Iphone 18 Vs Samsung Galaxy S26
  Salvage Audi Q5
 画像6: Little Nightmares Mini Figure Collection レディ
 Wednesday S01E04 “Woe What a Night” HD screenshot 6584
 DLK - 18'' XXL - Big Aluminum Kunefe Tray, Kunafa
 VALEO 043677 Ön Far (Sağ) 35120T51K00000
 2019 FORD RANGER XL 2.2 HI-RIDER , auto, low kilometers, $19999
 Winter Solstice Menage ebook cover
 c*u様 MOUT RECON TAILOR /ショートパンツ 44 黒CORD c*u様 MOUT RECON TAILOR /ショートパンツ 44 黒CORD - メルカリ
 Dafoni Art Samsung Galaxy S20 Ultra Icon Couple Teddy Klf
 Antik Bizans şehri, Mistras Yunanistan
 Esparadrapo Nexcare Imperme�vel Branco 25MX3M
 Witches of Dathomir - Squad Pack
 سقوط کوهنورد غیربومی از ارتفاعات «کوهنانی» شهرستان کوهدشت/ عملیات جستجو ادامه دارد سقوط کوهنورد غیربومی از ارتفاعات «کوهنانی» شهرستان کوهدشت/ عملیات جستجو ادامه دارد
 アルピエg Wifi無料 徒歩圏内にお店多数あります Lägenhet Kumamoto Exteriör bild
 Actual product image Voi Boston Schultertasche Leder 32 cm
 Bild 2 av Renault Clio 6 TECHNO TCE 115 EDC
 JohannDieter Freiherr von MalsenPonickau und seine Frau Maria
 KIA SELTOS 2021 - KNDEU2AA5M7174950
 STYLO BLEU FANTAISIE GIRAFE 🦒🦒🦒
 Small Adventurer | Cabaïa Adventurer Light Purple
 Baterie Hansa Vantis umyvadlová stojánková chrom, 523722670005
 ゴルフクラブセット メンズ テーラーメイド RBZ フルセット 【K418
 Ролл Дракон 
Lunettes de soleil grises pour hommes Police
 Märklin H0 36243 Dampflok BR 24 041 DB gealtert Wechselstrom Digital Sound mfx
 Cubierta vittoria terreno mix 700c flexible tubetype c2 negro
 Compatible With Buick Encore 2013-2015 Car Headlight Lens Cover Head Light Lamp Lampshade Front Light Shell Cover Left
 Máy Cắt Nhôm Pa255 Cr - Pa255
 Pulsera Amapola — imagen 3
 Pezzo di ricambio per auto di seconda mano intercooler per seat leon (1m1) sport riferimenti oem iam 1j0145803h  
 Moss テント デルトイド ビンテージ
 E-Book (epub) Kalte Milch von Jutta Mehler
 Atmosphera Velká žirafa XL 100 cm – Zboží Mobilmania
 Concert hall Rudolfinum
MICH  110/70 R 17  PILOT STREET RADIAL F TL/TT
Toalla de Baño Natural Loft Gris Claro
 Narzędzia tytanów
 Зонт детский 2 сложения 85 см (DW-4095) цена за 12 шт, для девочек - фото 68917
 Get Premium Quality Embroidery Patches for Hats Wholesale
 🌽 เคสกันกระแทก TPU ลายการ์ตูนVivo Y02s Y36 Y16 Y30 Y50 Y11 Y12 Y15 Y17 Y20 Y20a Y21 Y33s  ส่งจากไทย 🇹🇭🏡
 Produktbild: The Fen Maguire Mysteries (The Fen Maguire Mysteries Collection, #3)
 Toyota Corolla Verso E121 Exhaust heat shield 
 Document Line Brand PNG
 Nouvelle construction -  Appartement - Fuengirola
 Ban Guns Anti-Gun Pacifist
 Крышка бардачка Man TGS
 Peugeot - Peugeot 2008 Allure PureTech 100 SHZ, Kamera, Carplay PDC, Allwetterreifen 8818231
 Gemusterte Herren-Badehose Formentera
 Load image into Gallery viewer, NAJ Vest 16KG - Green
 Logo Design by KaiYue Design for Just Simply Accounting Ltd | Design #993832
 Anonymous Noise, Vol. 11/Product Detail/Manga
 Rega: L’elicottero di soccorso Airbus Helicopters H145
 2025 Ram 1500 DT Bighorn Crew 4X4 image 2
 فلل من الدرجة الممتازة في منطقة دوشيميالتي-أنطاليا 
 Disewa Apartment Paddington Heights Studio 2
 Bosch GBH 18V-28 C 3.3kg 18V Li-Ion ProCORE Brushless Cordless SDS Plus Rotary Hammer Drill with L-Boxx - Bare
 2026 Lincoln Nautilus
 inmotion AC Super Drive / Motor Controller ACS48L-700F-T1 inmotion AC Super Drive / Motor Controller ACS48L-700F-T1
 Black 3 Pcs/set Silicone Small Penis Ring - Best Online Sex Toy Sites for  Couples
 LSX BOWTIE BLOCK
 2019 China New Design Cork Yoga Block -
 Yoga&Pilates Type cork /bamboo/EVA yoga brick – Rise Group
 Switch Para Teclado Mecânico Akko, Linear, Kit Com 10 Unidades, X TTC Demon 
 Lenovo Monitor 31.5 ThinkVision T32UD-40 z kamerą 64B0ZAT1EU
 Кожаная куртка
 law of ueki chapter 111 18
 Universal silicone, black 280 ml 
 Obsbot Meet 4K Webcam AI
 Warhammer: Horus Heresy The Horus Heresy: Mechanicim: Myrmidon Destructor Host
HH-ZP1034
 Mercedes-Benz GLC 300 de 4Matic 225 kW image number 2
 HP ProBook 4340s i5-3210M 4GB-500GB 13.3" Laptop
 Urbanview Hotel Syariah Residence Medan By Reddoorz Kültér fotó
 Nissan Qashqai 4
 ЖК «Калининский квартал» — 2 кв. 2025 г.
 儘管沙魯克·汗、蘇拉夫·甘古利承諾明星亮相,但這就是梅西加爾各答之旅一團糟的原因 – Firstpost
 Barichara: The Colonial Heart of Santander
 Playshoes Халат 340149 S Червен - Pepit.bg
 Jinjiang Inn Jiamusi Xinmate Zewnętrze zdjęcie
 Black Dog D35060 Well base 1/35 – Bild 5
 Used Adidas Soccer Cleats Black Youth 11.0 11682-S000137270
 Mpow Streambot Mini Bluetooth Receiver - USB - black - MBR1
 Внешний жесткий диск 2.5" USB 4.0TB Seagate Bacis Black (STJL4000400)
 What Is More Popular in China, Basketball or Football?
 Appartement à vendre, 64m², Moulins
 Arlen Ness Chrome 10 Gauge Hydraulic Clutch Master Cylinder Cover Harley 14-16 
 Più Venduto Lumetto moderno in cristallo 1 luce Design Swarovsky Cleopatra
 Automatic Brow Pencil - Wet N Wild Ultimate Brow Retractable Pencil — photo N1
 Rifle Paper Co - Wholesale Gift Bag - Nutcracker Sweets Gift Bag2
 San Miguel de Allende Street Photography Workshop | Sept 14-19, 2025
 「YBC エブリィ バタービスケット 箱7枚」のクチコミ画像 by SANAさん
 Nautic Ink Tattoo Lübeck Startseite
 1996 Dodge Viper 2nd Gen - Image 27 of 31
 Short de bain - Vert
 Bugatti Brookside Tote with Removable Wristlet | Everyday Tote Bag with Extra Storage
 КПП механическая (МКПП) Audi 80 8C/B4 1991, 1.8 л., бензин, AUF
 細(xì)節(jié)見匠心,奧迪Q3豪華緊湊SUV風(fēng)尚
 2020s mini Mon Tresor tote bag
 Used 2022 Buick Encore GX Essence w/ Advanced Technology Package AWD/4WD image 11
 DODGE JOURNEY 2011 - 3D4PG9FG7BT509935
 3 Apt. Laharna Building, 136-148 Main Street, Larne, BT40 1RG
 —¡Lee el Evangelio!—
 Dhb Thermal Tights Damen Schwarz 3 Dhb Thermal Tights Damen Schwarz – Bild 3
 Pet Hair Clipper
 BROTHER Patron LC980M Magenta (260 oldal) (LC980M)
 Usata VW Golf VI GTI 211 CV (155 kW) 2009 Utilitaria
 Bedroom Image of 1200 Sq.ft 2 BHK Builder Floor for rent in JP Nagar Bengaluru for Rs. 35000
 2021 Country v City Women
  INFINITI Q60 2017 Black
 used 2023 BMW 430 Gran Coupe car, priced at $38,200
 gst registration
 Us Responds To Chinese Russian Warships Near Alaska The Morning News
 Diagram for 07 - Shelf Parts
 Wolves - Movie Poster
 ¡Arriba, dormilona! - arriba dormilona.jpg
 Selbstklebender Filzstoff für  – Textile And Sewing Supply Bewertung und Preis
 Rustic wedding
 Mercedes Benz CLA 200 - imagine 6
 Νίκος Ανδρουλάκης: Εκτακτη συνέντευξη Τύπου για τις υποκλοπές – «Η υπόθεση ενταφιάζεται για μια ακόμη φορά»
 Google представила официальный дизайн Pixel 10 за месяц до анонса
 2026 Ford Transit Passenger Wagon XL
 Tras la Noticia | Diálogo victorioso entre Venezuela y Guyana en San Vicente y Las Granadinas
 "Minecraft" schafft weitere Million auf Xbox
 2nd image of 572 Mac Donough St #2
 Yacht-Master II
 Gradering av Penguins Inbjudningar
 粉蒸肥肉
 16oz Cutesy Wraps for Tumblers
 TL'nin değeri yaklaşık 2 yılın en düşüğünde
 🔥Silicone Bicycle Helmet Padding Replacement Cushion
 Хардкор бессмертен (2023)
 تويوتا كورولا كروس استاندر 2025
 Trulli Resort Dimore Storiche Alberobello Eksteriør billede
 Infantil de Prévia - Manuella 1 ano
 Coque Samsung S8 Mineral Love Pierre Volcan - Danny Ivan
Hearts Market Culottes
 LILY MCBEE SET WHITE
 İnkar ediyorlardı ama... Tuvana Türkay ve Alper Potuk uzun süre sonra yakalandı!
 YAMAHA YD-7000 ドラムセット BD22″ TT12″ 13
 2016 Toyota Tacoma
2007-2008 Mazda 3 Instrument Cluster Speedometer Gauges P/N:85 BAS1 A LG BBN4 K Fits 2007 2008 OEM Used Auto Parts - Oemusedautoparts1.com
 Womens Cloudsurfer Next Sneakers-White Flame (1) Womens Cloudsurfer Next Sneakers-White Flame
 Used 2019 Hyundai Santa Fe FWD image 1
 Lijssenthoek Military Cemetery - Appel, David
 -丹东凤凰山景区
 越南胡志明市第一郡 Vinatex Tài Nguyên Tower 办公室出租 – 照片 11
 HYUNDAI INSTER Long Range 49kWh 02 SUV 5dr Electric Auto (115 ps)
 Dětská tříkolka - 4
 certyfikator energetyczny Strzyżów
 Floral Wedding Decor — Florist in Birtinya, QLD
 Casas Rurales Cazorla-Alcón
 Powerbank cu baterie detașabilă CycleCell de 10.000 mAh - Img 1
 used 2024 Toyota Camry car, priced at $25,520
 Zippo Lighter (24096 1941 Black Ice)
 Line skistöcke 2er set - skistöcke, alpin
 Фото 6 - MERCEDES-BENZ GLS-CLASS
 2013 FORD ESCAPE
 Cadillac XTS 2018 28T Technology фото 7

# # # # # # #

> **ACTIVITY**:
Extract, please, the lines from the start of the entries above through the one with "VALEO 043677 Ön Far (Sağ) 35120T51K00000", both included, reproducing each exactly and adding nothing.

> **RESPONSE AREA**:
Iphone 18 Vs Samsung Galaxy S26
  Salvage Audi Q5
 画像6: Little Nightmares Mini Figure Collection レディ
 Wednesday S01E04 “Woe What a Night” HD screenshot 6584
 DLK - 18'' XXL - Big Aluminum Kunefe Tray, Kunafa
 VALEO 043677 Ön Far (Sağ) 35120T51K00000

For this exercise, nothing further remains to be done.